Inflation spikes to two-year high of 10.9%


ISLAMABAD:

Inflation rose to a near two-year high of 10.9% in April, driven by global supply shocks and the government’s decision to fully pass on higher fuel costs to consumers, in addition to raising petroleum levy, sending energy, transport and food prices soaring.

The Pakistan Bureau of Statistics reported on Friday that for the first time consumer inflation climbed to double digits since July 2024, when the government of Prime Minister Shehbaz Sharif had started increasing taxes under the International Monetary Fund programme.

The adverse impact of the rising prices was felt across urban and rural areas and on almost all products that are directly or indirectly affected by the increase in the prices of the petroleum products, showed the inflation bulletin.

April inflation reading of 10.9% was also the highest since July 2024, which was also slightly more than the independent and official forecast for the month. The ministry of finance had given a maximum 9% inflation forecast.

The global fuel prices have been on the rise since the United States and Israel attacked Iran on February 28th. The Brent crude is about 55% more expensive than before the start of the war.

But despite the challenging situation, the government not only continued recovering the global prices from the domestic consumers but also increased taxes on petrol. This has triggered an inflationary cycle in the country.

The central bank is now trying to control by increasing the interest rates despite the fact that inflation is on the rise because of the actions of the government and the global price shock.

According to the PBS, the motor fuels, having only 2.9% weight in the CPI basket, became expensive by 40% in April over the same period of the last year. The consumer item that has hurt the people the most during the past two months has only 2.9% weight in the basket.

Diesel, whose prices the PBS reported were higher by 93% in April, has a 5.5% weight in the wholesale price index. The government on Friday reintroduced Rs28.69 per liter levy on diesel. After the adjustment, the diesel prices were increased to Rs400 per liter on Friday.

The government reduced the levy rate on petrol by Rs4 per liter but it was still charging Rs103.5 per liter levy. This was far higher than the agreed Rs80 per liter levy limit and contributed to unduly high prices of petrol in Pakistan.

The national data collecting agency reported that electricity prices were 33% higher than a year ago whereas the liquefied hydrocarbon inflation rate rose 63% in April.

Overall, there was a price spike in energy and food items last month.

Pace of food inflation accelerated last month to 6.9% in urban areas while it jumped to 7.3% in rural areas. Energy group prices rose to 13.8% in urban areas –the highest since October 2024. The energy-based inflation in rural areas also increased to 13.6% in villages and towns –the highest since July 2024.

The non-food and non-energy inflation indicator also rose last month to 8% in urban areas and 8.5% in rural areas, according to the PBS.

For the current fiscal year, the government had set the inflation target at 7.5%. During the first eight months of this fiscal year, the average inflation remained at 6.2%, which was well below the target range.
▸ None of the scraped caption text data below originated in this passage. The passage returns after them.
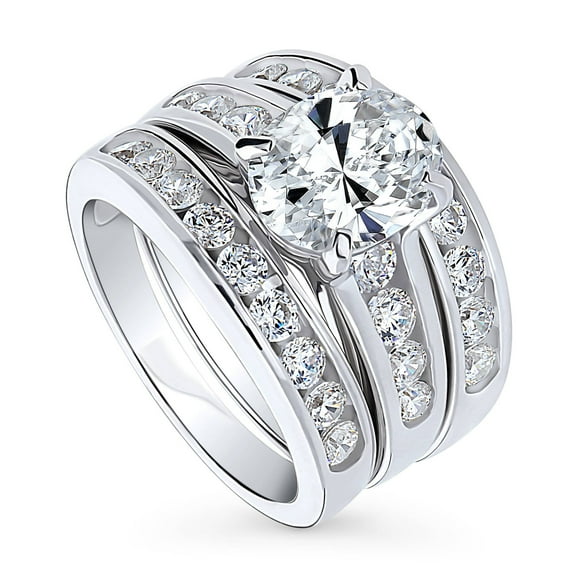 BERRICLE Sterling Silver Solitaire Wedding Engagement Rings 2.5 Carat Oval Cut Cubic Zirconia CZ Ring Set for Women, Rhodium Plated Size 4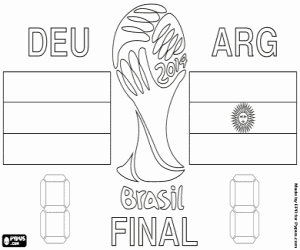desenho de Final da Copa do mundo 2014 Brasil para colorir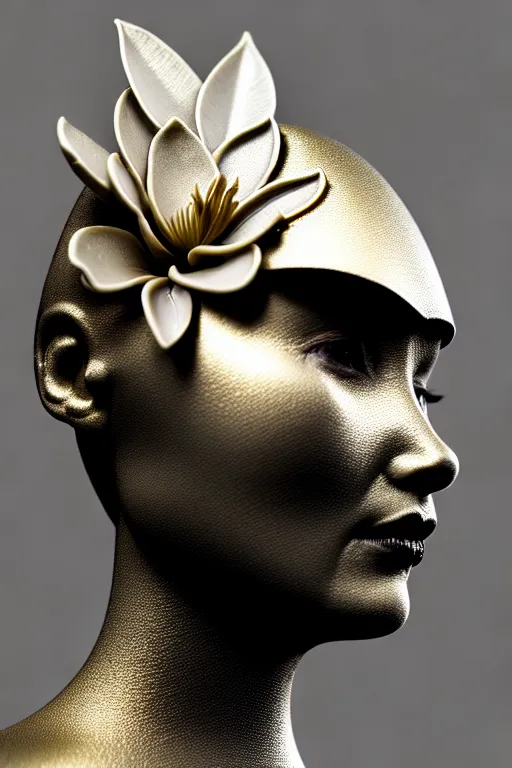 Image similar to bw contrasted close - up profile face, black background, beautiful young porcelain vegetal - dragon - cyborg - female, 1 5 0 mm, beautiful natural soft rim light, silver gold details, magnolia leaves and stems, roots, mandelbot fractal, elegant, ultra detailed, white metallic armour, octane render, h. r. giger style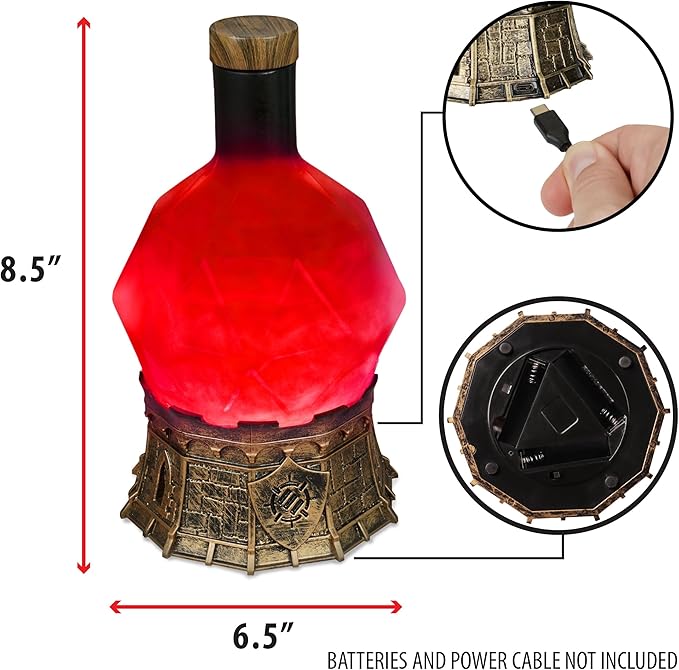 ENHANCE Gaming Sorcerer's Health Potion Light with Swirling Mystical Brew - Potion Bottle Mood Light Prop for Tabletop Game Immersion, Playroom, Desk Decor - Soft Glowing Whirling Goblet (Red Elixir)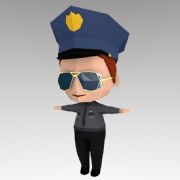 低面卡通警察fbx模型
But the government expects that the target might be missed because of constant increase in prices of petroleum products.

To offset the impact of future price hikes on the poor segments, the IMF has asked the government to increase the cash handouts being distributed among the 10 million Benazir Income Support Programme beneficiaries. The number of beneficiaries would also be increased by 200,000 by June this year to 10.2 million.

The details showed that food prices also increased significantly last month, mainly due to increase in transport fares. Tomatoes became expensive by 75%, followed by a 42% increase in the rates of onions and nearly 40% in wheat.

Wheat flour inflation rate jumped over 30% previous month, reported the PBS. Transport services became expensive by 38% despite the government’s decision to partially subsidize the fares through direct subsidy. Overall, the transport group inflation rate rose to 30% whereas housing, water, electricity and gas group inflation rate was higher by 17% last month compared to the same period of the last year.